Otros a los que se cuestionó, contra todo pronóstico, fueron a The Wave Pictures, quienes seis meses antes habían triunfado sin paliativos en el mismo escenario, durante la jornada de clausura del Primavera Sound 2008. Los británicos optaron por no repetirse y dar un concierto absolutamente distinto al anterior, repleto de caras-b y temas sólo presentes en CD-Rs y ante los que la gran mayoría se quedó un tanto chafada. No obstante, no fue ni mucho menos un mal concierto -más bien todo lo contrario-, pero el repertorio invitó a la división de opiniones de quienes les veían por primera vez. ‘Kiss Me’, ‘Just Like A Drummer’ y ‘Leave The Scene Behind’ demostraron lo que podrían haber logrado de haber optado por la vía del ‘Instant Coffee Baby’ (2008), tal y como sucedió en su anterior visita.

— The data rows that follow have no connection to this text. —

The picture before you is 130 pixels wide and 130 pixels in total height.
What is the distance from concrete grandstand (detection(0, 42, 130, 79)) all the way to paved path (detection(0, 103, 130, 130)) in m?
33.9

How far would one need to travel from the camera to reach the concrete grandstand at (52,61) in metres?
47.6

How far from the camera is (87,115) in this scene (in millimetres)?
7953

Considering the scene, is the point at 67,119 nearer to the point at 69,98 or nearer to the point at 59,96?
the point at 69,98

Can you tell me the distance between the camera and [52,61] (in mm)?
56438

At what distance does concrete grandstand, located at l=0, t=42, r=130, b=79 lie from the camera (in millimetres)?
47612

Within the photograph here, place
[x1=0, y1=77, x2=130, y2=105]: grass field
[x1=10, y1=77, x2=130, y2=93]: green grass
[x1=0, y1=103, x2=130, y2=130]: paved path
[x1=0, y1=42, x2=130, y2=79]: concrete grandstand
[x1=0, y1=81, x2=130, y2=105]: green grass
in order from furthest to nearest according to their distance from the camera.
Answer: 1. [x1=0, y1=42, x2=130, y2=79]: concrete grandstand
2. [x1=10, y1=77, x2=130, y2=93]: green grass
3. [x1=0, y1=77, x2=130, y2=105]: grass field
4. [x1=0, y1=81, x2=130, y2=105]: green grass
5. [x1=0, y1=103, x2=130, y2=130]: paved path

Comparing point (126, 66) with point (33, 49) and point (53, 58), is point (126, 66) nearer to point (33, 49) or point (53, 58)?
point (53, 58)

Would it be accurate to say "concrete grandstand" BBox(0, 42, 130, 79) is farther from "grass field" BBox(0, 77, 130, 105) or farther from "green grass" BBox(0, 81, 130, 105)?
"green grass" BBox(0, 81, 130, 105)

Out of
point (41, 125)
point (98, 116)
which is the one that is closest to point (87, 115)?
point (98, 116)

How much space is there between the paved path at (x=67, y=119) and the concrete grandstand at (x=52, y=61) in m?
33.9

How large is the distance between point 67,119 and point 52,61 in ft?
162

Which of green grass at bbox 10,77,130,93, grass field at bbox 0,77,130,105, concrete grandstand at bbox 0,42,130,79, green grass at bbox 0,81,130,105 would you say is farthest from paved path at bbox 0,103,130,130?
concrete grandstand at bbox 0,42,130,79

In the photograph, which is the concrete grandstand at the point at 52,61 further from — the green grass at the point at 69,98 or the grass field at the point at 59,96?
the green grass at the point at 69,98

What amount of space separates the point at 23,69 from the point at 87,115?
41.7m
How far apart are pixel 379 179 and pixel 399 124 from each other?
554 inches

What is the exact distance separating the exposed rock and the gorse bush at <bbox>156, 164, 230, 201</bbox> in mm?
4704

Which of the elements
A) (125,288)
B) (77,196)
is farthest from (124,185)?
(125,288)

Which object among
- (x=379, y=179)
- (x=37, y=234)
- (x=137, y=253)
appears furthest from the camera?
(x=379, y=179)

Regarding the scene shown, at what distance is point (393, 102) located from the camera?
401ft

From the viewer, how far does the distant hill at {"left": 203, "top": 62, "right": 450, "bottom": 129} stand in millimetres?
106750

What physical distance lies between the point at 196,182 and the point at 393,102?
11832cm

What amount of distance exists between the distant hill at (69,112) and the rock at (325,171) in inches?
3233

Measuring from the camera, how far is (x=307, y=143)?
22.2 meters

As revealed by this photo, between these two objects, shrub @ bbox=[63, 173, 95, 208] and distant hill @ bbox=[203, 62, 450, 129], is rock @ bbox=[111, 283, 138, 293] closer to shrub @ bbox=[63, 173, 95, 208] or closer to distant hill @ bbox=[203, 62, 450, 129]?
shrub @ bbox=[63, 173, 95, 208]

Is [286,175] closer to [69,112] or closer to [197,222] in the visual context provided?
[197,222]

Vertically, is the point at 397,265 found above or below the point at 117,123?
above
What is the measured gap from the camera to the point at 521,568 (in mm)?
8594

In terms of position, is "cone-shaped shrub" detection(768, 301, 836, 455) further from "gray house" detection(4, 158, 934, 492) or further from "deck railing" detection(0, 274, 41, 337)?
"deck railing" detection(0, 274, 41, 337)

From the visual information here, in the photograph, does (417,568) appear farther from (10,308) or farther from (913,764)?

Dentro del lote de decepciones, también podríamos incluir una mini-categoría: la de sólo para fans. Aquí entrarían con todas las de la ley los esquivos Isobel Campbell & Mark Lanegan y la densidad apta para fieles de Wovenhand. Si sus propuestas no le atraían a uno de antes, difícilmente lo harán tras el festival.

Otros que merecen un aparte son Abe Vigoda, pues lo suyo fue mala suerte; llegando a Barcelona apenas una hora antes del concierto y sin tiempo para probar sonido, un micrófono les jugó una mala pasada y la actitud de cierto sector del Auditori -más interesados en agravar el boicot que en escucharles- tiró por tierra un show que la noche anterior en Madrid, según cuentan, sí estuvo a la altura. Al margen del citado incidente -difícil obviarlo, por otra parte- la ejecución de sus temas fue buena y, pese a todo, la gran ‘Animal Ghost’ fue capaz de salir ilesa. Merecen repetir para quitarse (quitarnos) la espinita.

Resto de actuaciones

En cuanto al resto de cartel, The Dodos estuvieron bien sin más -la guitarra no acabó de encontrar el sonido buscado y el Auditori pareció intimidarles-, La Buena Vida cumplieron con el Don´t Look Back de ‘Soidermesol’, Mika Miko descargaron su punk lo-fi ante una abarrotada La [2] con buen balance final -mención especial para el micrófono en forma de teléfono rojo con el que cantaban- y High Places desgranaron todo el dream-africanism presente en su debut homónimo, ante la atención de los que sentimos debilidad por tal disco y la indiferencia de los que no estaban para estas cosas a las seis de la tarde, máxime al calor de la comodidad de una butaca.

Sin cubrir por nuestra parte quedaron las actuaciones de Boss Hog -solapados con The Extraordinaires- y las de la jornada inaugural, entre las que se cuenta la última actuación de 12Twelve en Barcelona, quienes anunciaron su separación al acabar su participación en el festival. Ojalá recapaciten y vuelvan pronto.